United States Court of Appeals, Eleventh Circuit
Aug 23, 2022
No. 21-13451 (11th Cir. Aug. 23, 2022)

Opinion

21-13451

08-23-2022

DATAMAXX APPLIED TECHNOLOGIES, INC., a Florida corporation, Plaintiff-Appellant, v. BROWN & BROWN, INC. d.b.a. Halcyon Underwriters, Inc., et al., Defendants, CHUBB CUSTOM INSURANCE COMPANY, Defendant-Appellee.


DO NOT PUBLISH

Appeal from the United States District Court for the Middle District of Florida D.C. Docket No. 6:20-cv-00291-CEM-DCI

Before WILSON, BRANCH, and ANDERSON, Circuit Judges.

OPINION

PER CURIAM.

Datamaxx Applied Technologies, Inc., ("Datamaxx") appeals from the district court's grant of summary judgment in favor of Chubb Custom Insurance Co., ("Chubb"), in Datamaxx's suit seeing a declaratory judgment that the parties' insurance contract obligated Chubb to indemnify Datamaxx in a 2018 lawsuit brought by a third-party, Gold Type Business Machines, Inc., ("GTBM"). The district court granted Chubb's motion for summary judgment after concluding that Datamaxx's 2018 indemnification claim "correlate[d]" to Datamaxx's conduct underlying a 2014 settlement between it and GTBM, which, in turn, "correlate[d]" to Datamaxx's indemnification claim to its previous insurer, AIG, in that case, placing it outside Chubb's coverage agreement. After careful review, we affirm.

I. BACKGROUND

Prior to the onset of the present litigation, GTBM, a software provider, developed and sold a product called "Info-Cop," which permits "National Crime Information Center ("NCIC") terminal operators"-including, but not limited to, law enforcement officers-to access motor vehicle and warrant information from multiple law enforcement databases from remote locations. Seeking to exploit the broader market of non-NCIC terminal operators, GTBM patented a process and system to permit non-NCIC terminal operators to query the NCIC, Criminal Justice Information System ("CJIS"), and other restricted systems in a manner compliant with applicable rules and regulations regarding the access, use, and dissemination of such data.
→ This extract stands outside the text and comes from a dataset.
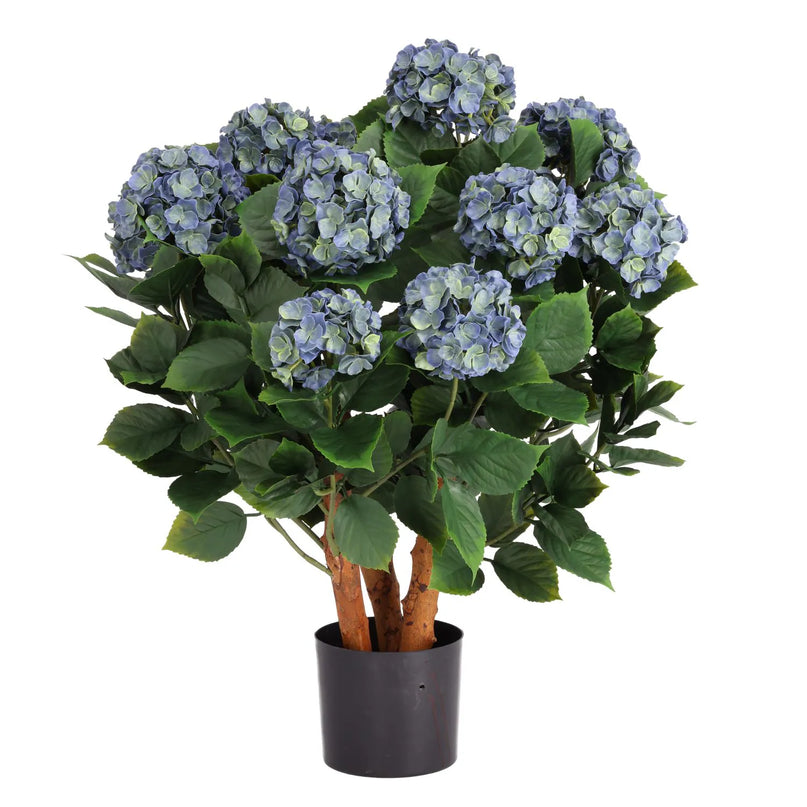 LeopoldFlora Kunst Hortensia blauw XL 80cm UV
GTBM subsequently entered into a Development and License Agreement, ("DLA"), with Datamaxx-a software provider for law enforcement, public safety organizations, and the security industry-to incorporate GTBM's system into Datamaxx's existing product suite, Omnixx, to create a jointly-developed "Enhanced Product." In exchange, Datamaxx would share the sales revenue from the "Enhanced Product" with GTBM. Pursuant to the DLA, GTBM licensed its patent "together with other intellectual property rights (including trade secrets and confidential business information) to [Datamaxx] solely to develop, make use, sell, and offer to sell the contemplated" "Enhanced Product." Furthermore, the parties agreed to label any product that fell within their agreed-upon definition of "Enhanced Product" with their jointly-owned "GREENLIGHT" trademark.
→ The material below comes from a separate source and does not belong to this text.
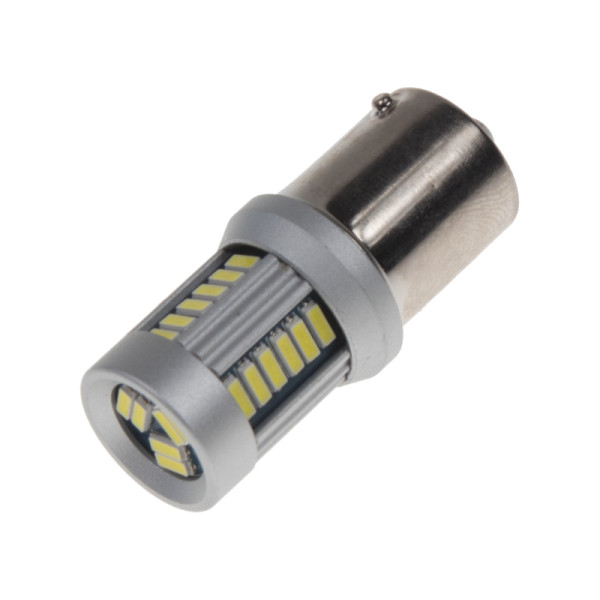 LED BAU15s bílá, 12-24V, 30LED/4014SMD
But according to GTBM, rather than promoting GREENLIGHT-the "Enhanced Product" version of Omnixx- Datamaxx used the enhanced product code and marketed its own competing product, Omnixx+. Consequently, GTBM simultaneously filed suit and initiated arbitration against Datamaxx, alleging, in relevant part, that Datamaxx incorporated its product source code into Omnixx+, violating the terms of the DLA which exclusively limited the use of that code to GREENLIGHT. Datamaxx reported the lawsuit to its then-insurer, AIG, in September 2013. Ultimately, the parties settled in May 2014. Although AIG partially reimbursed Datamaxx for the settlement payment, Datamaxx released AIG from any future "related" claims.
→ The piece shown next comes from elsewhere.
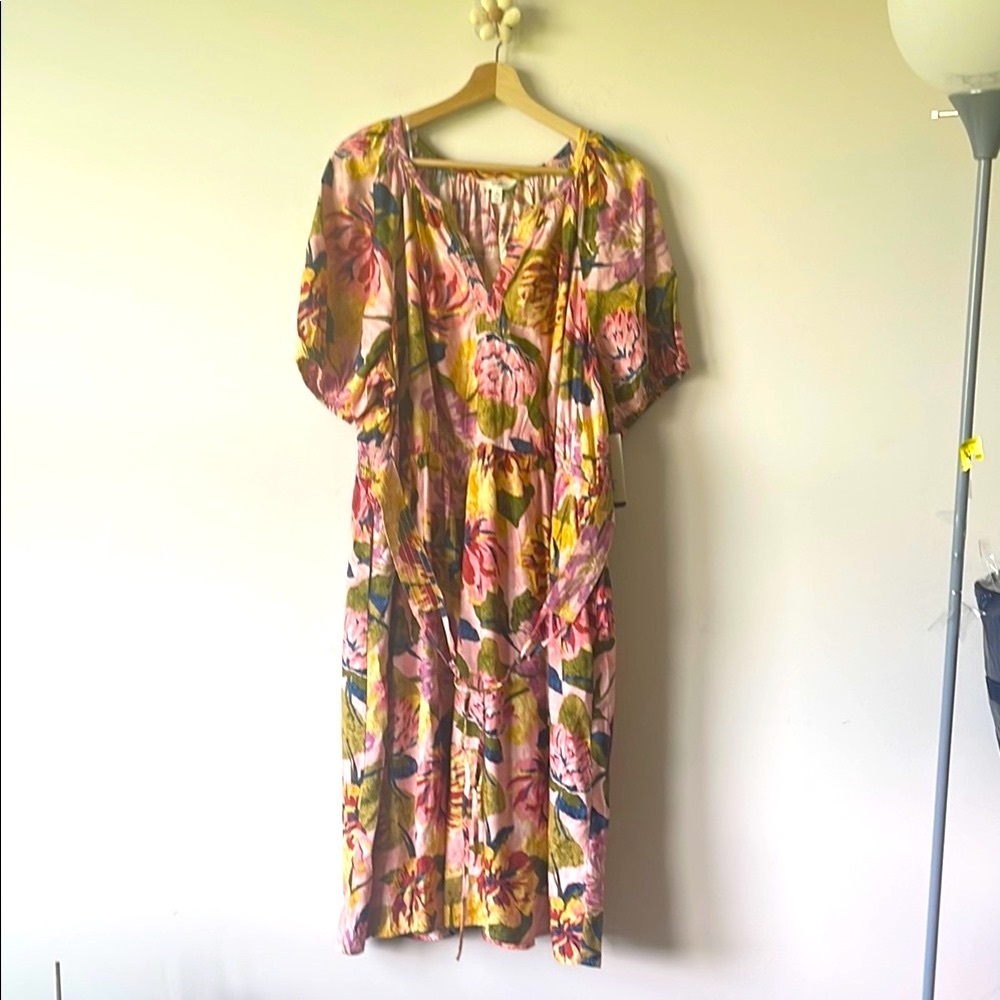 Terra & Sky Pink Brown Dolman Sleeve Sundress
Following the parties' settlement, and initially unbeknownst to GTBM, Datamaxx marketed a separate product, "Redtail." In GTBM's view, Redtail, a visitor management system that crosschecks a visitor's identification with various security databases- including the FBI's, various DMVs', and the Sex Offender registry-shares Greenlight's functionality and infringes on its patented process.

In 2018, Datamaxx entered a new liability and indemnity insurance policy with Chubb, effective on April 15, 2018. Coverage applied on a "claims-made basis." Under the policy's "Claims Made Liability Coverage Common Provisions:"

C. All claims that correlate with an act will be deemed to have been made at the time the first of such claims is deemed to have been made . . .
F. This coverage does not apply to any damages, loss, cost or expense in connection with any claim that correlates with an act, if such act also correlates with any claim deemed to have been made before the beginning of this policy period.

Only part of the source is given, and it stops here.